Integration in Fourier or time domain

Question

I'm struggling to understand a problem with numerical integration of a signal. Basically I have a signal which I would like to integrate or perform and antiderivative as a function of time (integration of pick-up coil for getting magnetic field). I've tried two different methods which in principle should be consistent but they are not. The code I'm using is the following. Beware that the signals y in the code has been previously high pass filtered using butterworth filtering (similar to what done here http://wiki.scipy.org/Cookbook/ButterworthBandpass). The signal and time basis can be downloaded here (https://www.dropbox.com/s/fi5z38sae6j5410/trial.npz?dl=0)

import scipy as sp
from scipy import integrate
from scipy import fftpack
data = np.load('trial.npz')
y = data['arr_1'] # this is the signal 
t = data['arr_0']
# integration using pfft
bI = sp.fftpack.diff(y-y.mean(),order=-1)
bI2= sp.integrate.cumtrapz(y-y.mean(),x=t)

Now the two signals (besides the eventual different linear trend which can be taken out) are different, or better dynamically they are quite similar with the same time of oscillations but there is a factor approximately of 30 between the two signals, in the sense that bI2 is 30 times (approximately) lower than bI. BTW I've subtracted the mean in both the two signals to be sure that they are zero mean signals and performing integration in IDL (both with equivalent cumsumtrapz and in the fourier domain) gives values compatible with bI2. Any clue is really welcomed

Answer 1

It's difficult to know what scipy.fftpack.diff() is doing under the bonnet.

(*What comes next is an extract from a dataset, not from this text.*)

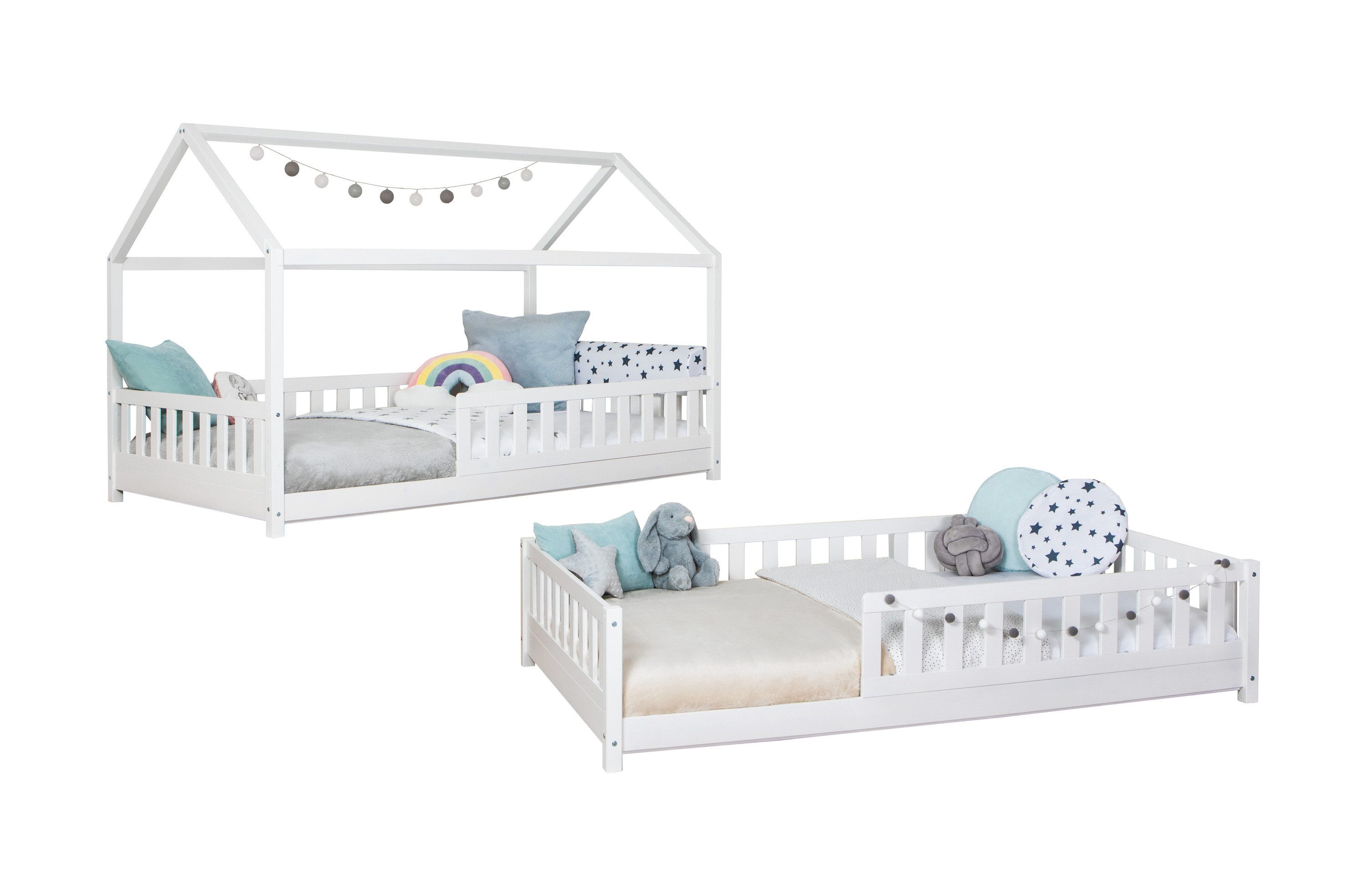 Ticaa Hausbett Duo mit Rausfallschutz aus Kiefer, Bodenbett 120x200, inkl. günstig online kaufen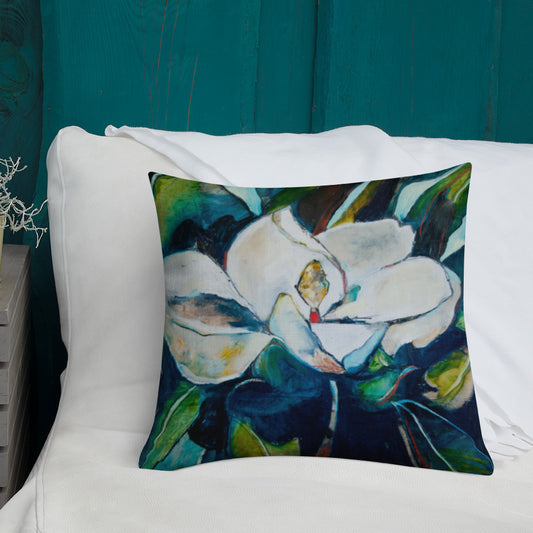 Teal Collage Magnolia Premium Pillow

To try and solve your problem, I have dug up an old frequency domain integration function that I wrote a while ago. It's worth pointing out that in practice, one generally wants a bit more control of some of the parameters than scipy.fftpack.diff() gives you. For example, the f_lo and f_hi parameters of my intf() function allow you to band-limit the input to exclude very low or very high frequencies which may be noisy. Noisy low frequencies in particular can 'blow-up' during integration and overwhelm the signal. You may also want to use a window at the start and end of the time series to stop spectral leakage.

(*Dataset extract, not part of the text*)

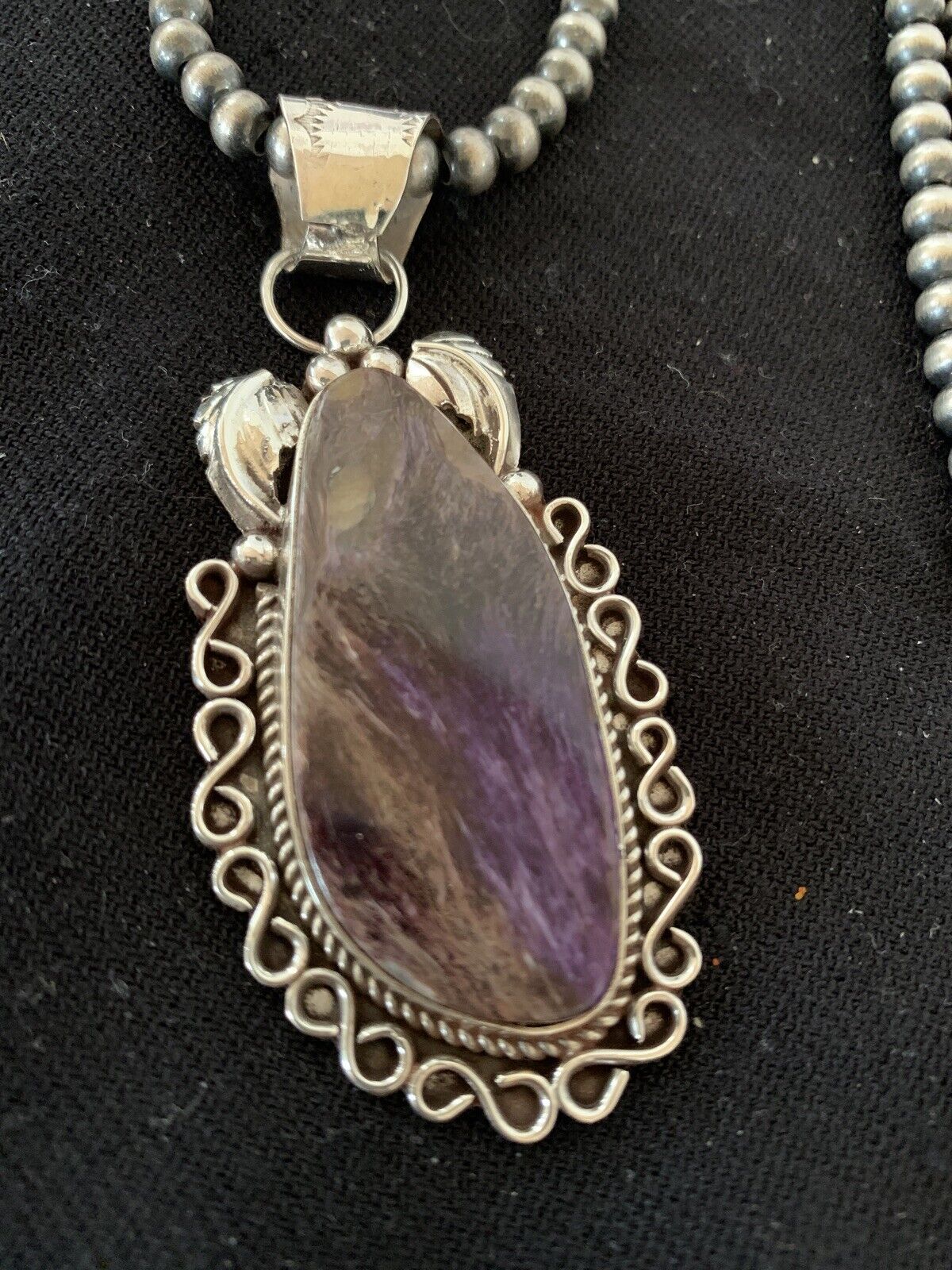 Navajo Pearls Necklace with Purple Charoite Pendant | Sterling Silver | Authentic Native American Handmade | 652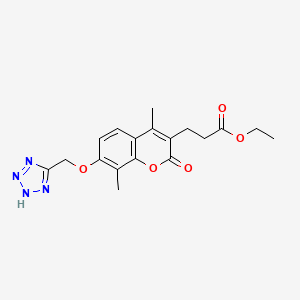 3-[4,8-dimethyl-2-oxo-7-(2H-tetrazol-5-ylmethoxy)-1-benzopyran-3-yl]propanoic acid ethyl ester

I have calculated bI2 and also a result, bI3, integrated once with intf() using the following code (I assumed an average sampling rate for simplicity):

import intf
from scipy import integrate
data = np.load(path)
y = data['arr_1']
t = data['arr_0']

bI2= sp.integrate.cumtrapz(y-y.mean(),x=t)
bI3 = intf.intf(y-y.mean(), fs=500458, f_lo=1, winlen=1e-2, times=1)

I plotted bI2 and bI3:

The two time series are of the same order of magnitude, and broadly the same shape, notwithstanding the piecewise linear trend apparent in bI2. I know this doesn't explain what's going on in the scipy function, but at least this shows it's not a problem with the frequency domain method.

The code for intf is pasted in full below.

def intf(a, fs, f_lo=0.0, f_hi=1.0e12, times=1, winlen=1, unwin=False):
"""
Numerically integrate a time series in the frequency domain.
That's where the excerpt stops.